Would new EU migrant rules be good or bad for UK?
Hello from the top of a Swiss mountain, Davos, the eccentric and legendary home of the World Economic Forum.
This is where the global elite - from world leaders to business titans to the likes of Spacey and DiCaprio - huddle each year, to keep themselves warm, while much of the world moan that they are being let down (or worse) by this elite.
A global economy still not recovered from the 2008 calamity and slowing down again, flatlining or declining living standards for many, a continued widening in the yawning gap between rich and poor, fear that robots are taking our jobs, the furnace of the Middle East, growing pervasive fear of terrorism - all are motivating millions of people across the world to reject mainstream politicians, to pillory big business, to reject the liberal, global political and economic consensus of the past 30 years.

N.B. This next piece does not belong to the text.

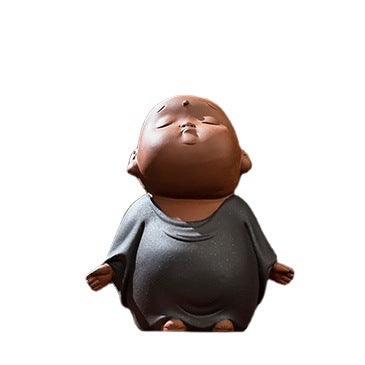 zensoullab Zen Purple Clay Little Monk Figure Creative Desktop Living Room New Chinese Style Study Entrance Tea Room Tea Pet Ceramic Ornament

And if I ever doubted that we are living through a period of unpredictable political and social turmoil, Kevin Spacey put me right last night - when he told me that in a poll asking Egyptians who they would like to run their country, top of the list was Frank Underwood, the murdering Machiavellian prince he plays in House of Cards.
I'm here because it is the best place on earth to pick up stories, test the confidence of those who still have a huge influence on our lives, assess whether anyone has compelling answers to the clear and present challenges to our way of life.
What's up for the boss class this morning? Well there's a fair bit of confusion and anxiety about the leaks out of Brussels that the EU is poised to ditch the so-called Dublin regulation - that when refugees arrive in the EU, it is the first country in which they set foot that has responsibility for taking them.
Europhile Brits - and they are pretty much the only Brits who bowl up here - are not sure whether this attempt to impose a more equitable and rational distribution of migrants throughout Europe is good or bad for their case that the UK should stay in the EU.
On the one hand it kills a simple argument that they use when eurosceptics argue that EU membership makes us more vulnerable to uncontrolled immigration of asylum seekers - namely that the Dublin rule provides strong protection (in that if a Syrian for example turns up in the UK having travelled from Greece, we can send them back to Greece).
On the other hand, the rest of the EU does not have the power to force any new migrant-distribution arrangement on Britain.
In the area of migration and asylum, the UK and Ireland can "opt in" to a new system, but cannot be compelled to do so.
Now it is possible that Germany, France and the rest might try to persuade David Cameron to participate in the new migrant deal, in return for granting him the new EU settlement he desperately needs if he is to sell continued membership of the EU to British voters.
Which could complicate life for the Prime Minister.
And even if Cameron and the UK does not agree to take more refugees, were more of them to settle in France and Spain and Belgium, some would turn up in Britain sooner or later (and for better or worse, depending on your point of view).